Il video porno, benché mostrato a più riprese e il più delle volte diegeticamente durante il film, è soltanto un pretesto, l’intento del regista è quello di innestare le proprie riflessioni a partire dall’individuazione del senso del termine oscenità: «che cos’è l’osceno? Come lo definiamo?» si chiede Jude. Ma come per molto del cinema romeno contemporaneo, i ragionamenti intorno a un tema banale, quotidiano o ispirato a fatti di cronaca e a situazioni consuete (nella fattispecie una discussione fra amici durante una cena, afferma il regista), diventa l’occasione per scavare ben oltre la superficie e spingere i concetti al limite del paradossale.
Ed è proprio sul crinale del paradosso a muoversi il racconto. L’ultimo capitolo – ove le accuse e i tentativi di difesa nei confronti di Emi si confondono e smarriscono in divagazioni e goffi tentativi di argomentazione – sembra la messa in forma di una chat di commenti da social network privata del proprio stato virtuale. Con un’interazione fatta di considerazioni irrilevanti ma fortemente polarizzata su posizioni inconciliabili e straniante ancor prima che farsesca. Ma sono soprattutto i primi due capitoli a definire questo straniamento e rendere la complessità linguistica di cui si diceva.
Lo “Short Dictionary of Anecdotes, Signs, and Wonders” che compone la seconda parte del film, una sorta di glossario – in rigoroso ordine alfabetico – di parole comuni cui sono associate immagini a volte pertinenti e volutamente didascaliche altre volte intenzionalmente evocative, è una divagazione tutt’altro che insignificante. Il regista con una tecnica di montaggio vecchia quanto il cinema manifesta qulla quotidiana oscenità che, a differenza di quella sfacciata di un video pornografico, fatichiamo a vedere o siamo abituati a ignorare. Restituendo al cinema quel ruolo rivelatore cui rimanda il mito di Medusa citato nel film (lo schermo, come lo scudo di Perseo, ci permette di sostenere la vista di una realtà che se non fosse riflessa, ci travolgerebbe).

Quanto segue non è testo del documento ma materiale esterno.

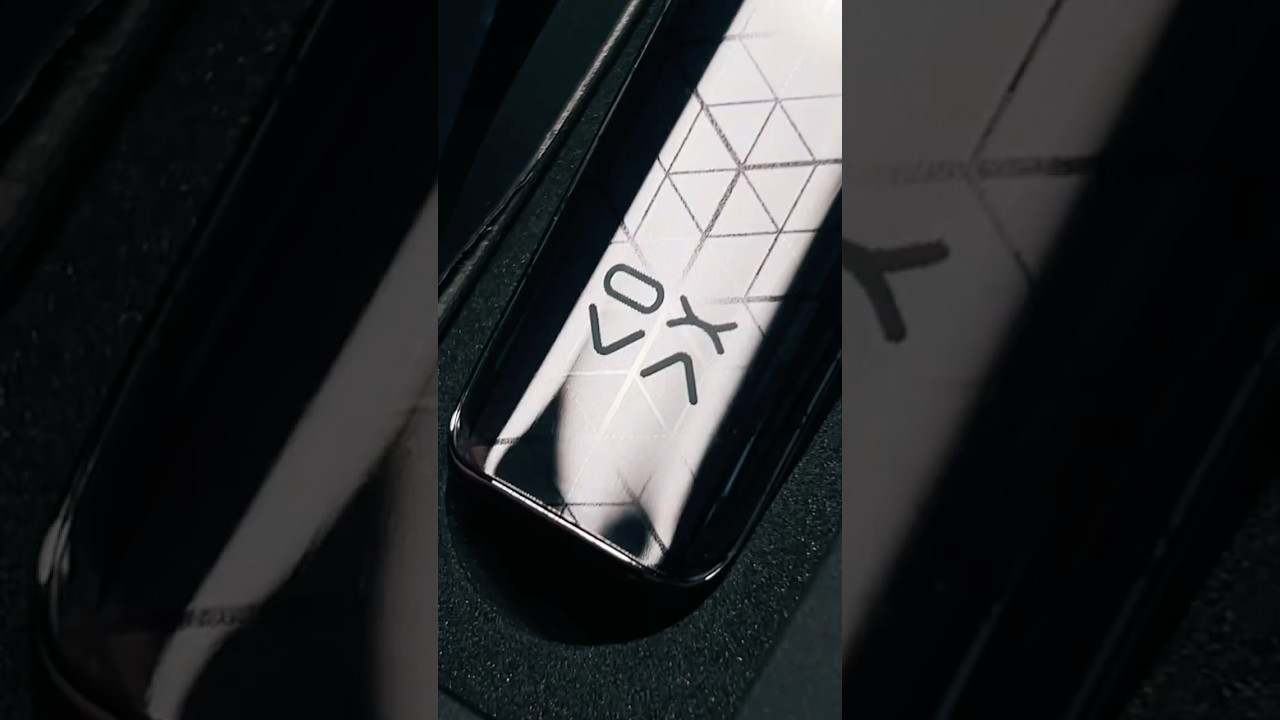 Luxury in Every Detail ✨ XLIM PRO 2 DNA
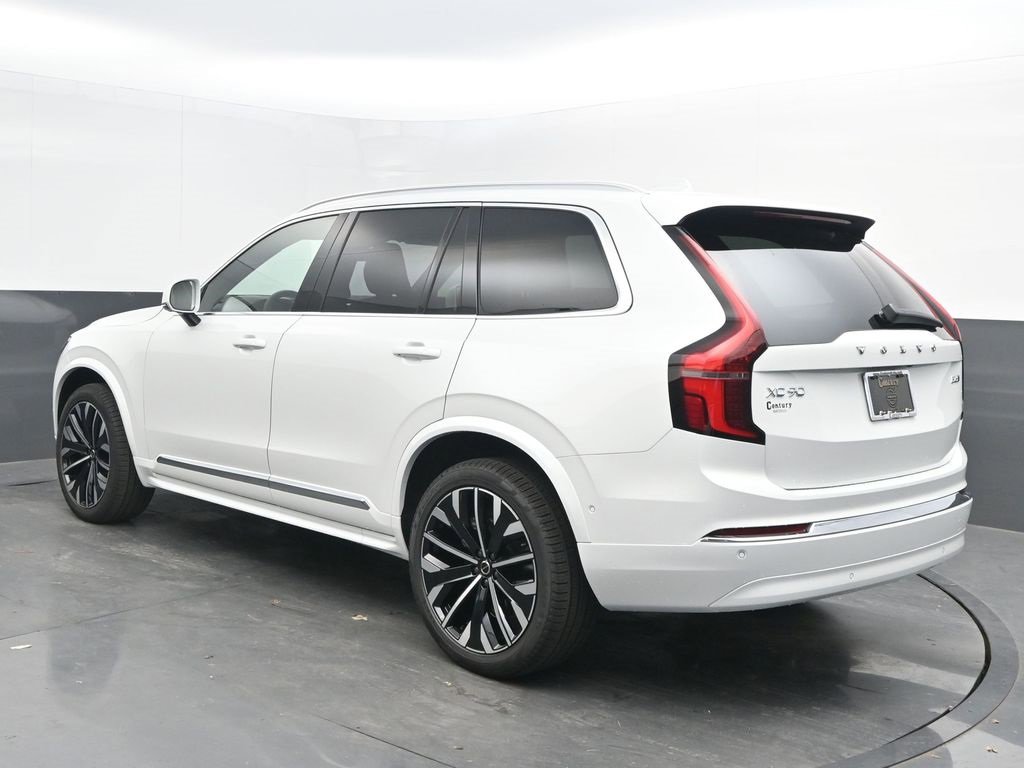 New 2026 Volvo XC90 B6 Ultra image 5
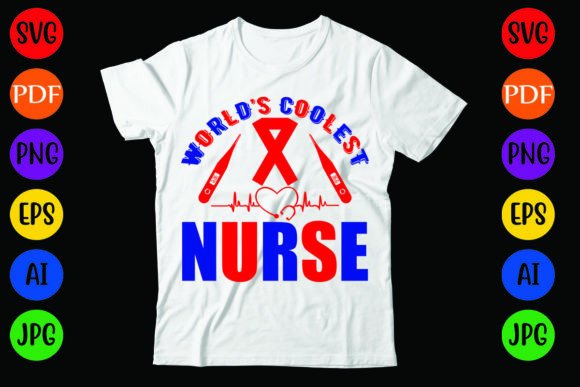 World’s Coolest Nurse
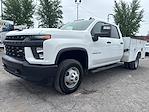 2023 Chevrolet Silverado 3500 Crew Cab 4WD Service Truck for sale #15798 - photo 1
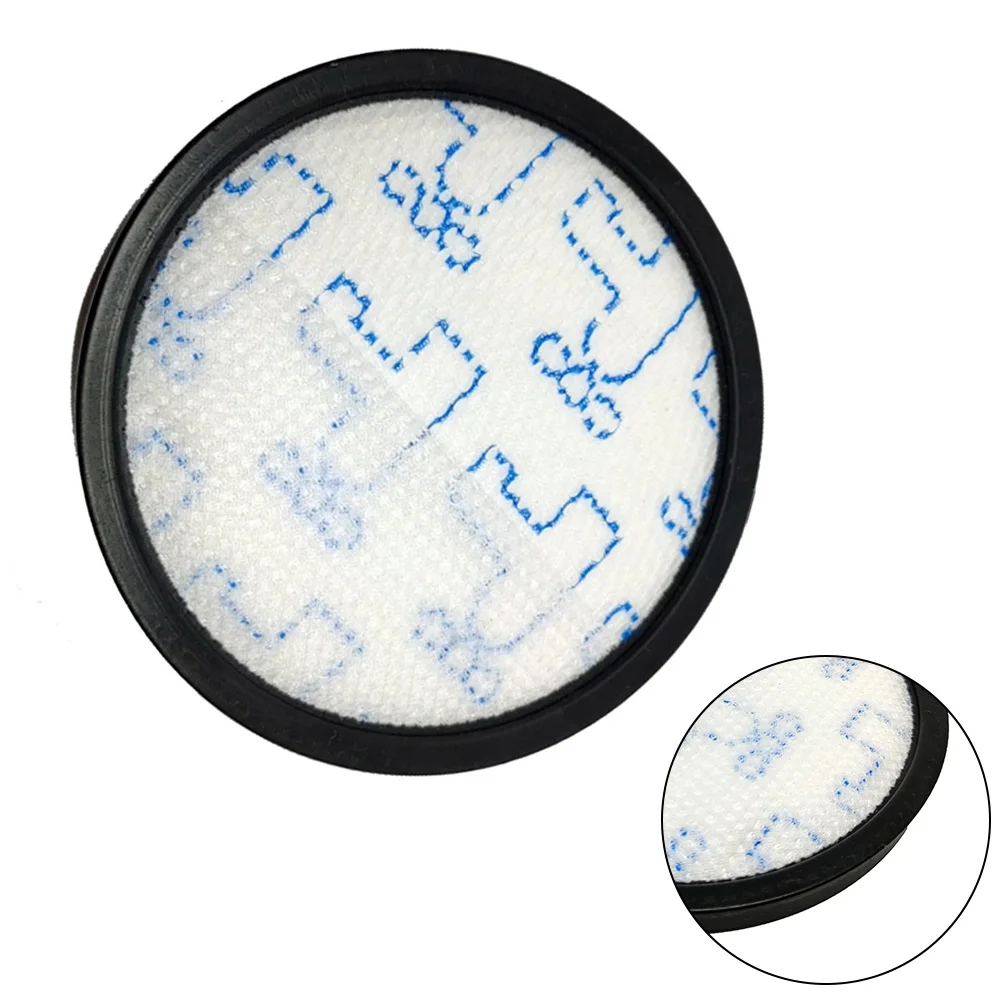 1PC Washable Filter For Vax ONEPWR Blade 3 Pet Cordless Vacuum Cleaner CLSV-B3KS Vacuum Cleaner Filter HEPA Replacement
1PC Washable Filter For Vax ONEPWR Blade 3 Pet Cordless Vacuum Cleaner CLSV-B3KS Vacuum Cleaner Filter HEPA Replacement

Ma, risalendo all’indietro, aiuta a comprendere ancora meglio il primo capitolo. Quello in cui Emi vaga per la Bucarest di oggi, quella del 2020 sommersa come il resto del mondo dalla pandemia, in attesa di recarsi all’incontro a scuola. Un momento narrativamente inconsistente ma cinematograficamente sbalorditivo per la capacità del regista di costruire un universo di senso attraverso, anche qui, gli strumenti più elementari del linguaggio cinematografico: lievi panoramiche a seguire la protagonista per le strade, movimenti di macchina indipendenti che colgono e fissano piccoli dettagli. Con personaggi e luoghi immersi in una quotidianità asfissiante in cui ognuno, con la sua mascherina indosso, agisce in una dimensione di indifferenza. Mentre è lo spazio urbano stratificato, espressivo, dialettico a renderci partecipi della profonda complessità dell’immagine e dello sguardo del regista sul contemporaneo. Mentre l’impressione che si genera è quella di osservare il nostro stesso tempo sotto una prospettiva diversa, quasi per la prima volta.
Ed è forse così, come abbiamo provato a fare, che andrebbe letto Bad Luck Banging or Loony Porn: al contrario. Partendo dalla fine e tornando indietro fino alle prime immagini, quelle pornografiche, con cui il film si apre. Perché è un po’ come un percorso disseminato di tracce, simboli e strade da interpretare, ripercorrere e annotarsi. E che proprio come il presente che racconta, da qualsiasi lato lo si guardi, non si riesce mai a capire del tutto.